Background information
- Also known as: Richy
- Born: Richard Reed Parry October 4, 1977 (age 48)
- Origin: Ottawa, Ontario, Canada
- Genres: Indie rock; post-rock; chamber music;
- Occupations: Musician; composer;
- Instruments: Double bass; keyboards; guitar; bass guitar; accordion; drums; percussion; vocals;
- Years active: 2000–present

= Richard Reed Parry =

Canadian musician

Richard Reed Parry (born October 4, 1977) is a Canadian multi-instrumentalist, composer, producer, best known as a core member of the indie rock band Arcade Fire, where he plays a wide variety of instruments, often switching between guitar, double bass, drums, celesta, keyboards, and accordion.

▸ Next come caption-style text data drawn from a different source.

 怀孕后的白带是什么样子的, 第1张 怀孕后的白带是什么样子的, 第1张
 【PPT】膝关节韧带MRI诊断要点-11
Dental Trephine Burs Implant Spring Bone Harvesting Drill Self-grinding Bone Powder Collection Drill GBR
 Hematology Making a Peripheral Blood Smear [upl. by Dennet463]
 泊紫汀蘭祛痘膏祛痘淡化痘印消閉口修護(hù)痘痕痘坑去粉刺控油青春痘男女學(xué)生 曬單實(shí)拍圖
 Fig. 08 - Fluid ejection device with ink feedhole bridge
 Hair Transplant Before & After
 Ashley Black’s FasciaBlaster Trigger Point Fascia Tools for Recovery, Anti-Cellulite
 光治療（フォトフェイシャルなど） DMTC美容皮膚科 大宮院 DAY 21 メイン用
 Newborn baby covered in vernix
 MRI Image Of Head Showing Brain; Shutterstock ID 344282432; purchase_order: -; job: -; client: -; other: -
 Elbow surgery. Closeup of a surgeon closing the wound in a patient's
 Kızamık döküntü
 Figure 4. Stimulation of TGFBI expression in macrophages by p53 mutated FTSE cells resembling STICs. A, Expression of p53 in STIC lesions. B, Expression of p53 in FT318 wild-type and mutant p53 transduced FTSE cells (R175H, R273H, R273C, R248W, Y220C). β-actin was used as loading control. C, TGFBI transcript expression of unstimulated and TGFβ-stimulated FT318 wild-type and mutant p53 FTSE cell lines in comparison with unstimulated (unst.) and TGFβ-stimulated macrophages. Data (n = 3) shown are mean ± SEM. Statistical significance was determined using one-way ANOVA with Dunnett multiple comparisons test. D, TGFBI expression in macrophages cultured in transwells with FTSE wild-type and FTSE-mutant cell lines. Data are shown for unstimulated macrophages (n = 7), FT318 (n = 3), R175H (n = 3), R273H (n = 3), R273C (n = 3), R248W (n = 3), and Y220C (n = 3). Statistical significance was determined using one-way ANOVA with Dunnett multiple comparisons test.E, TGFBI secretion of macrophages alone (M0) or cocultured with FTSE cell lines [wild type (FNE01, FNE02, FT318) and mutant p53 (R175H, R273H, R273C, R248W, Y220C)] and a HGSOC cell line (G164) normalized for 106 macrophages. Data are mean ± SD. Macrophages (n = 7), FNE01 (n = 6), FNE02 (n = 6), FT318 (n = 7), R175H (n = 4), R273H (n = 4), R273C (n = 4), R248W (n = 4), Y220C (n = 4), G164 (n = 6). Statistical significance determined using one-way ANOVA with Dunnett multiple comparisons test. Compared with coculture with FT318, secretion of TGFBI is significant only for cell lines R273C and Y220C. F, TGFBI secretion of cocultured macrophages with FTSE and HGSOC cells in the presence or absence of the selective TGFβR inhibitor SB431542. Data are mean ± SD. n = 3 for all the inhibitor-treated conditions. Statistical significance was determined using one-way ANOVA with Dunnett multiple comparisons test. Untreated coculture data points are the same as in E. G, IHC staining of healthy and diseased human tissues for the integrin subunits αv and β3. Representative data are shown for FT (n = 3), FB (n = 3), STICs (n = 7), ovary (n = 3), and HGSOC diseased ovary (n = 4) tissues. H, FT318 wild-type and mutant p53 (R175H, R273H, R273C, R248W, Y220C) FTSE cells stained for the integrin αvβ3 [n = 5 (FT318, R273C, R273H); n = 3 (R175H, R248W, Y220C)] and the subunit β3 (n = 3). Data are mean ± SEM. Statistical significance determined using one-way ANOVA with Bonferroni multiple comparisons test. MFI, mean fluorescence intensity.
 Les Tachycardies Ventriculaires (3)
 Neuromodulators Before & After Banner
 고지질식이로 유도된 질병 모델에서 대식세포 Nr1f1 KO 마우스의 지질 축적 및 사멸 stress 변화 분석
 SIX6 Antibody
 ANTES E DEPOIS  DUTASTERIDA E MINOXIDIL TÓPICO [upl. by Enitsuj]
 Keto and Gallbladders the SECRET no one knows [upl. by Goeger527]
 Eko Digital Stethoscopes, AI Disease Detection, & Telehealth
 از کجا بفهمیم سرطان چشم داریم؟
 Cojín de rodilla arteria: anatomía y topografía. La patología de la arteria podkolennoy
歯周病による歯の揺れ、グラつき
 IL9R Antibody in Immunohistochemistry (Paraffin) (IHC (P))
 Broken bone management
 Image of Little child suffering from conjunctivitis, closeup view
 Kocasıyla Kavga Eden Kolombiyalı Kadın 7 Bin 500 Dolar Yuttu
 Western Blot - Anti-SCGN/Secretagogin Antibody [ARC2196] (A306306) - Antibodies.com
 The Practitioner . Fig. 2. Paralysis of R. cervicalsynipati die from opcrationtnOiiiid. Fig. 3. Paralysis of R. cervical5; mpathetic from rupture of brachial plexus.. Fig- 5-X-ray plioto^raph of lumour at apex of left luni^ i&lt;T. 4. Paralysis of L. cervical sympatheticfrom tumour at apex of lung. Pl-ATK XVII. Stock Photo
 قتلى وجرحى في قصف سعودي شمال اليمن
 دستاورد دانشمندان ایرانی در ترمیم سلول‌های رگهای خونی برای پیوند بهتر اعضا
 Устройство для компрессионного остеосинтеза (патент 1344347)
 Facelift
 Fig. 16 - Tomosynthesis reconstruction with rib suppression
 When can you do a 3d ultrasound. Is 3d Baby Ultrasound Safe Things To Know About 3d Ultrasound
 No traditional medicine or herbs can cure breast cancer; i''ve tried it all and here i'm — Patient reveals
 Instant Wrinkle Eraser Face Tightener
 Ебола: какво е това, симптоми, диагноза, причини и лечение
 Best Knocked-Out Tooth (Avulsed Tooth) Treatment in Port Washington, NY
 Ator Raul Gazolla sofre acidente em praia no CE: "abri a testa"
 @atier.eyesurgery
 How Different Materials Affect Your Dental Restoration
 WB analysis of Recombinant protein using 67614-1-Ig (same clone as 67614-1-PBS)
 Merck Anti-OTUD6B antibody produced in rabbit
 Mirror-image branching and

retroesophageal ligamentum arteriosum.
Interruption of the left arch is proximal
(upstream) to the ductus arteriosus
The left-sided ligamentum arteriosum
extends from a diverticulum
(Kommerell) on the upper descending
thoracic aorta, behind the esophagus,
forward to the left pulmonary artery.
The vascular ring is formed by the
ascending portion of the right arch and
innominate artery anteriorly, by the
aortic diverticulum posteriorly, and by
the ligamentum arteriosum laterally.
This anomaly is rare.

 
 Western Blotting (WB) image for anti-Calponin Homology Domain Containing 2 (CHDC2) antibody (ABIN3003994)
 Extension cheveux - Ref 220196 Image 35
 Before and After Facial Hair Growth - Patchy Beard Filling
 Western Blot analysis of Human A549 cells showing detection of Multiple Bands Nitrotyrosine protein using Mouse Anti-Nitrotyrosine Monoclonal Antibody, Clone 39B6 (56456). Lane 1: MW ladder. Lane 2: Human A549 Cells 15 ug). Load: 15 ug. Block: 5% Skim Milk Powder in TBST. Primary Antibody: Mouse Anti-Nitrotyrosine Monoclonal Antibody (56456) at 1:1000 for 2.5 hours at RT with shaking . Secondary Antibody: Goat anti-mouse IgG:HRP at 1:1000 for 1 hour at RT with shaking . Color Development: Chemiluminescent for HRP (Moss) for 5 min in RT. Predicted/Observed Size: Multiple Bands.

==Early life and education==
Parry comes from a musical family. His late father was David Parry of the folk band Friends of Fiddler's Green. His mother, Caroline Balderston Parry, was a poet and musician, and his sister, Evalyn Parry, is a theatre artist, songwriter, and spoken word performer. Parry's family is Quaker and Parry grew up attending Toronto Monthly Meeting.

Parry attended Canterbury High School in Ottawa, Ontario, Canada and was one of a dozen members of the Literary Arts program (first generation). His classmates include Stargate: Atlantis writer Martin Gero and The Holmes Show comedian Kurt Smeaton.

In the mid 1990s, he worked summers at a vegetarian camp in near Chelsea, Quebec, called Camp Au Grand Bois.

In the late 1990s and early 2000s, he studied electroacoustics and contemporary dance at Concordia University in Montreal.

== Career ==
The Bell Orchestre was formed in 2005, along with Sarah Neufeld, Tim Kingsbury as well as Stefan Schneider and French horn player Pietro Amato. Parry primarily plays double bass and is the de facto producer. Bell Orchestre released As Seen Through Windows with Arts & Crafts Records on March 10, 2009. It was recorded with John Mcentire in Soma Electric Studios in Chicago, Illinois. The album won a 2011 Juno Award for best instrumental album.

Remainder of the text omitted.